Fresh broccoli florets (about 4 cups)
1 (15 oz) can chickpeas, drained and rinsed
3–4 fresh garlic cloves, minced
2–3 tablespoons soy sauce
1 teaspoon sesame oil
1–2 tablespoons vegetable oil
1 tablespoon sesame seeds
Cooked white rice, for serving
Prep Ingredients
Cut broccoli into bite-sized florets. Drain and rinse chickpeas thoroughly. Mince garlic and keep all ingredients ready near the stove.
Heat Oil
Heat vegetable oil in a large wok or skillet over medium-high heat until shimmering.
Cook Garlic
Add minced garlic and stir-fry for about 30 seconds until fragrant.
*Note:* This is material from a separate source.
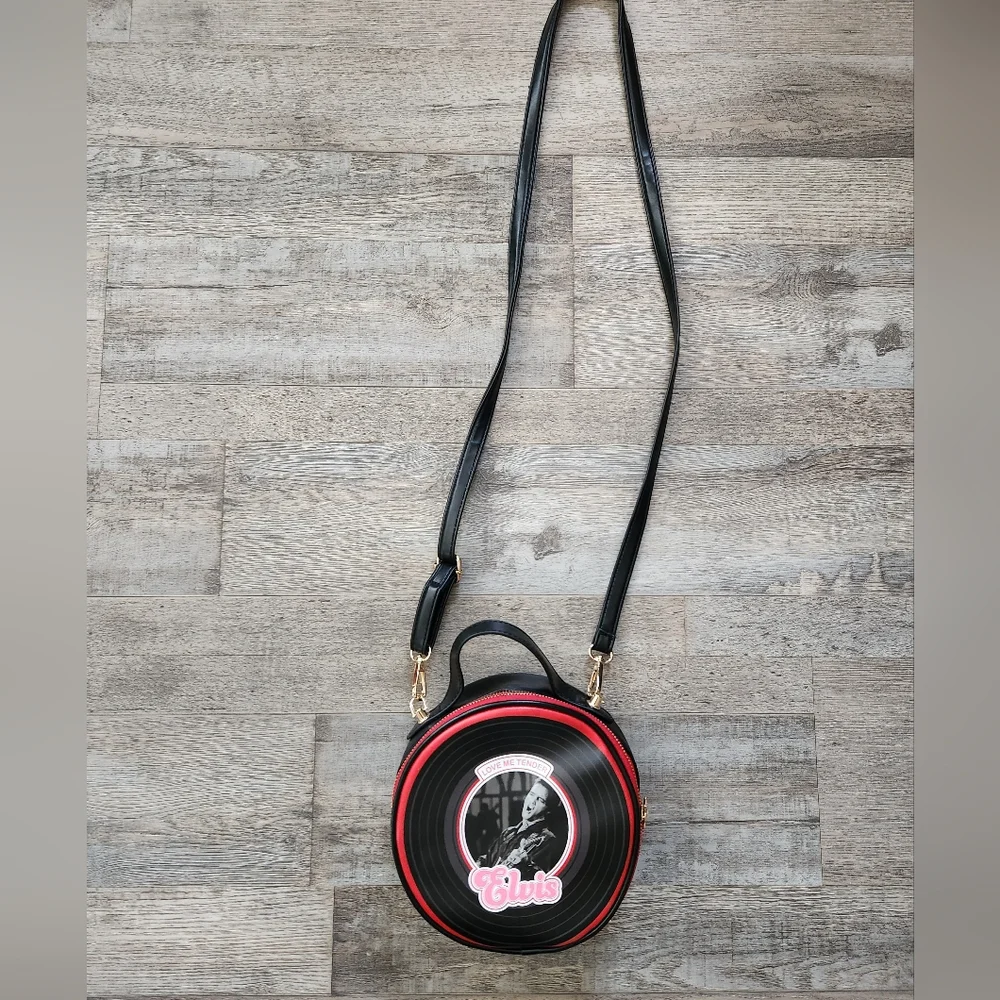 Black and Red Elvis Round Crossbody Bag with Retro Music Graphic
Do not let it burn.
Add Broccoli
Toss in broccoli florets and stir-fry for 3–4 minutes until bright green and tender-crisp.
Add Chickpeas
Add chickpeas and continue stir-frying for 2–3 minutes until heated through and lightly golden.
Season
Pour soy sauce and sesame oil over the mixture. Toss well to coat evenly and cook for 1 more minute.
Serve
Serve hot over cooked white rice and sprinkle with sesame seeds before serving.
Add red pepper flakes or sriracha for heat.
Substitute tamari or coconut aminos for a gluten-free option.
For extra crunch, toss in sliced bell peppers or snap peas.
Leftovers store well in the refrigerator for up to 4 days.